Would you write out all of the records that follow, exactly as they stand?

Source data:
/---

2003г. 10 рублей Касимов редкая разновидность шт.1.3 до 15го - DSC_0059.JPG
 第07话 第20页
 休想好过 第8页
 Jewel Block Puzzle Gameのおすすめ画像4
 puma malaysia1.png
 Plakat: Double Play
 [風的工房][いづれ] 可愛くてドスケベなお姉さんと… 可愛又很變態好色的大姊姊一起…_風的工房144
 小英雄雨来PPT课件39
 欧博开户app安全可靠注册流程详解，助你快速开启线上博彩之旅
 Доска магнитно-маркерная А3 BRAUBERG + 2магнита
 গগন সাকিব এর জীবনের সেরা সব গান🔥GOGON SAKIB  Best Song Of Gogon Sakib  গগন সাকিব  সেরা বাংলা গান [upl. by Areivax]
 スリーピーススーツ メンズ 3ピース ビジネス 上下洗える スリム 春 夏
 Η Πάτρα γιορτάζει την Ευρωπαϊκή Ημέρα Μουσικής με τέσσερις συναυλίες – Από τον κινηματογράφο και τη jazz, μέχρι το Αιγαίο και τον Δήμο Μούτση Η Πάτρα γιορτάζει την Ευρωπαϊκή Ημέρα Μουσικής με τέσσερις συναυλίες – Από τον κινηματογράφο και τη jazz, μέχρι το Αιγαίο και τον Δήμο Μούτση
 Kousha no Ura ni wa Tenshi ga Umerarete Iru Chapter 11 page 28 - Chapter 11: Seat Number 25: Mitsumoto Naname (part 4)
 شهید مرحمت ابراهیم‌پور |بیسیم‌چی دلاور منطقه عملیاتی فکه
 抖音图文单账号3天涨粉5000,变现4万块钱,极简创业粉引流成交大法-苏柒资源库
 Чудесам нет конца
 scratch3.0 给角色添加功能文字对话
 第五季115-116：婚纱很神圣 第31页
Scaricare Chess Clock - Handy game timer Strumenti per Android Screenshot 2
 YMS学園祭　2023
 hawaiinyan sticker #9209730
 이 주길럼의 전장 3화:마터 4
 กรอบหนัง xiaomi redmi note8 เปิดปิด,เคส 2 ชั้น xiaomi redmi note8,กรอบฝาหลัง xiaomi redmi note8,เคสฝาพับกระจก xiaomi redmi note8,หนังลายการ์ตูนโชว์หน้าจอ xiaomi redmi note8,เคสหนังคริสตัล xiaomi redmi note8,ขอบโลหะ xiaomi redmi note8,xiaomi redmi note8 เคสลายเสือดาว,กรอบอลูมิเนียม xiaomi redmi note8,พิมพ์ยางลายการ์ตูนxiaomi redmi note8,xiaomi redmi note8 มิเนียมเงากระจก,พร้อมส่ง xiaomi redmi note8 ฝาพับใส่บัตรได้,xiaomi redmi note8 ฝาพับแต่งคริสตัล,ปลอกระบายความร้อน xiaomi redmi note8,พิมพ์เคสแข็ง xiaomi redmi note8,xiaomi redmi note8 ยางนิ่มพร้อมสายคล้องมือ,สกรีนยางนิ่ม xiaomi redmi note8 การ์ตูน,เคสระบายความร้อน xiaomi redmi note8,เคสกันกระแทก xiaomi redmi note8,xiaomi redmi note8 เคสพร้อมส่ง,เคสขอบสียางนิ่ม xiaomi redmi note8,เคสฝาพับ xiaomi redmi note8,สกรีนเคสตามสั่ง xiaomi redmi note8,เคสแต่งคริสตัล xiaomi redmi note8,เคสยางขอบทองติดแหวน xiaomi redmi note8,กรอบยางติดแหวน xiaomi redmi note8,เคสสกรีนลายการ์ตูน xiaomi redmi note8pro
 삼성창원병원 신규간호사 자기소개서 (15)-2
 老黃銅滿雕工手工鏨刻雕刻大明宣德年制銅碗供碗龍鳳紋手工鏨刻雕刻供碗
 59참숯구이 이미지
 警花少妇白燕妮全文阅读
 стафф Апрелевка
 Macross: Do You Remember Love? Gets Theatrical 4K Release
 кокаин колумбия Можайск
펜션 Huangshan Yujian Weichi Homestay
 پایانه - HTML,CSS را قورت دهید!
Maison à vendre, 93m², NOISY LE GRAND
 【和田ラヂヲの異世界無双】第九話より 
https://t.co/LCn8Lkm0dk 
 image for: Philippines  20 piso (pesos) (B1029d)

\---

Finished task:
2003г. 10 рублей Касимов редкая разновидность шт.1.3 до 15го - DSC_0059.JPG
 第07话 第20页
 休想好过 第8页
 Jewel Block Puzzle Gameのおすすめ画像4
 puma malaysia1.png
 Plakat: Double Play
 [風的工房][いづれ] 可愛くてドスケベなお姉さんと… 可愛又很變態好色的大姊姊一起…_風的工房144
 小英雄雨来PPT课件39
 欧博开户app安全可靠注册流程详解，助你快速开启线上博彩之旅
 Доска магнитно-маркерная А3 BRAUBERG + 2магнита
 গগন সাকিব এর জীবনের সেরা সব গান🔥GOGON SAKIB  Best Song Of Gogon Sakib  গগন সাকিব  সেরা বাংলা গান [upl. by Areivax]
 スリーピーススーツ メンズ 3ピース ビジネス 上下洗える スリム 春 夏
 Η Πάτρα γιορτάζει την Ευρωπαϊκή Ημέρα Μουσικής με τέσσερις συναυλίες – Από τον κινηματογράφο και τη jazz, μέχρι το Αιγαίο και τον Δήμο Μούτση Η Πάτρα γιορτάζει την Ευρωπαϊκή Ημέρα Μουσικής με τέσσερις συναυλίες – Από τον κινηματογράφο και τη jazz, μέχρι το Αιγαίο και τον Δήμο Μούτση
 Kousha no Ura ni wa Tenshi ga Umerarete Iru Chapter 11 page 28 - Chapter 11: Seat Number 25: Mitsumoto Naname (part 4)
 شهید مرحمت ابراهیم‌پور |بیسیم‌چی دلاور منطقه عملیاتی فکه
 抖音图文单账号3天涨粉5000,变现4万块钱,极简创业粉引流成交大法-苏柒资源库
 Чудесам нет конца
 scratch3.0 给角色添加功能文字对话
 第五季115-116：婚纱很神圣 第31页
Scaricare Chess Clock - Handy game timer Strumenti per Android Screenshot 2
 YMS学園祭　2023
 hawaiinyan sticker #9209730
 이 주길럼의 전장 3화:마터 4
 กรอบหนัง xiaomi redmi note8 เปิดปิด,เคส 2 ชั้น xiaomi redmi note8,กรอบฝาหลัง xiaomi redmi note8,เคสฝาพับกระจก xiaomi redmi note8,หนังลายการ์ตูนโชว์หน้าจอ xiaomi redmi note8,เคสหนังคริสตัล xiaomi redmi note8,ขอบโลหะ xiaomi redmi note8,xiaomi redmi note8 เคสลายเสือดาว,กรอบอลูมิเนียม xiaomi redmi note8,พิมพ์ยางลายการ์ตูนxiaomi redmi note8,xiaomi redmi note8 มิเนียมเงากระจก,พร้อมส่ง xiaomi redmi note8 ฝาพับใส่บัตรได้,xiaomi redmi note8 ฝาพับแต่งคริสตัล,ปลอกระบายความร้อน xiaomi redmi note8,พิมพ์เคสแข็ง xiaomi redmi note8,xiaomi redmi note8 ยางนิ่มพร้อมสายคล้องมือ,สกรีนยางนิ่ม xiaomi redmi note8 การ์ตูน,เคสระบายความร้อน xiaomi redmi note8,เคสกันกระแทก xiaomi redmi note8,xiaomi redmi note8 เคสพร้อมส่ง,เคสขอบสียางนิ่ม xiaomi redmi note8,เคสฝาพับ xiaomi redmi note8,สกรีนเคสตามสั่ง xiaomi redmi note8,เคสแต่งคริสตัล xiaomi redmi note8,เคสยางขอบทองติดแหวน xiaomi redmi note8,กรอบยางติดแหวน xiaomi redmi note8,เคสสกรีนลายการ์ตูน xiaomi redmi note8pro
 삼성창원병원 신규간호사 자기소개서 (15)-2
 老黃銅滿雕工手工鏨刻雕刻大明宣德年制銅碗供碗龍鳳紋手工鏨刻雕刻供碗
 59참숯구이 이미지
 警花少妇白燕妮全文阅读
 стафф Апрелевка
 Macross: Do You Remember Love? Gets Theatrical 4K Release
 кокаин колумбия Можайск
펜션 Huangshan Yujian Weichi Homestay
 پایانه - HTML,CSS را قورت دهید!
Maison à vendre, 93m², NOISY LE GRAND
 【和田ラヂヲの異世界無双】第九話より 
https://t.co/LCn8Lkm0dk 
 image for: Philippines  20 piso (pesos) (B1029d)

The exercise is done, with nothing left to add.